- What you need to do:
Would you write out the full listing exactly, without any pictures?

- Supplied data:
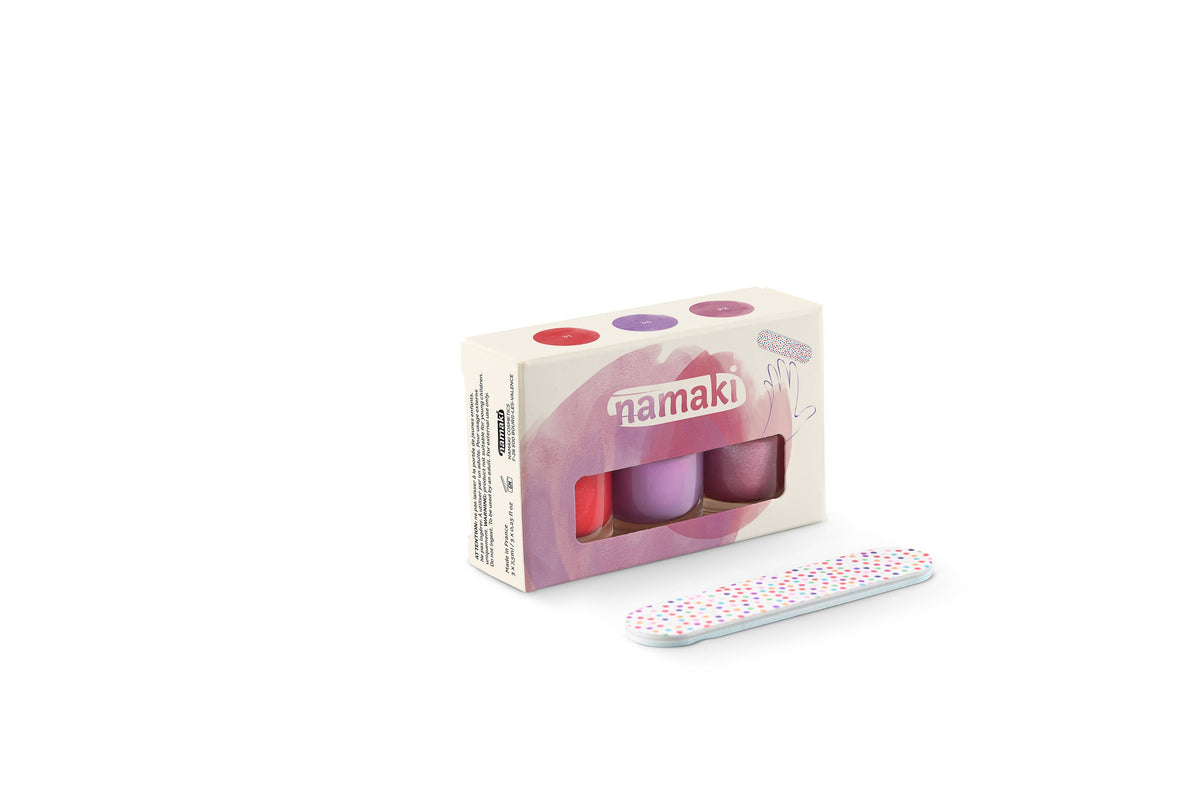 Namaki Nagellack-Set in Kartonbox mit drei Fläschchen in Rosa, Mauve und Rot, Nagelfeile mit Punktmuster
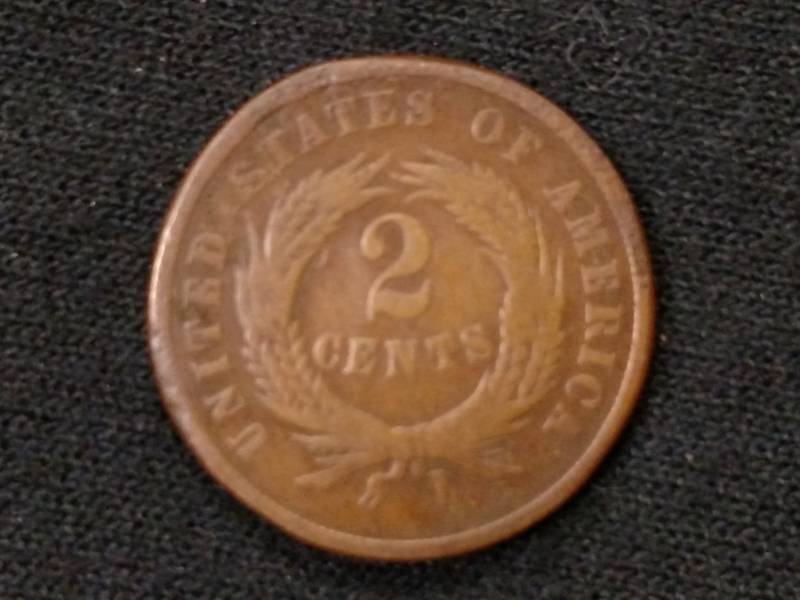 lot 38 image: 1864 Two Cent Piece...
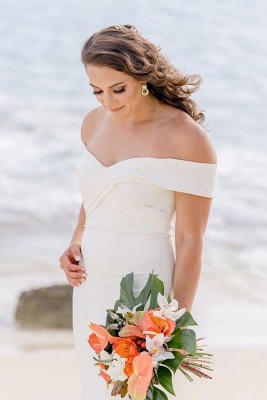 Sweetheart Off The Shoulder Backless Floor Length Sheath Beach Wedding Dresses_1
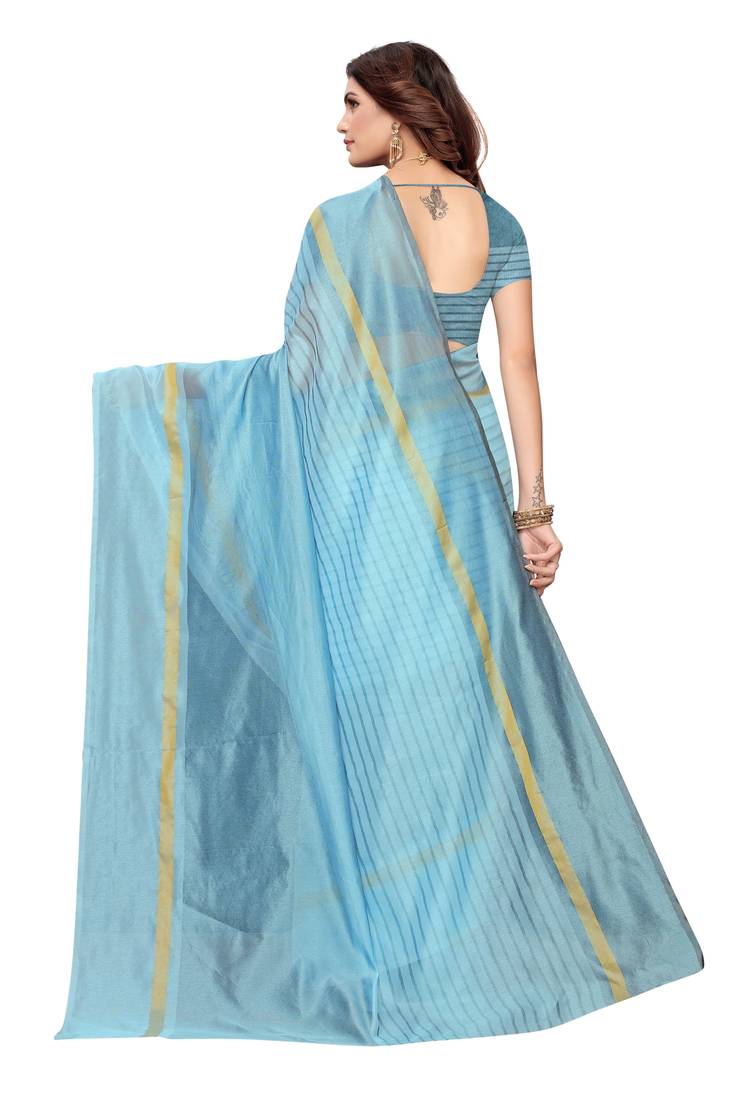 Sky Blue Striped Print Cotton Saree With Blouse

- Answer box:
 Namaki Nagellack-Set in Kartonbox mit drei Fläschchen in Rosa, Mauve und Rot, Nagelfeile mit Punktmuster
 lot 38 image: 1864 Two Cent Piece...
 Sweetheart Off The Shoulder Backless Floor Length Sheath Beach Wedding Dresses_1
 Sky Blue Striped Print Cotton Saree With Blouse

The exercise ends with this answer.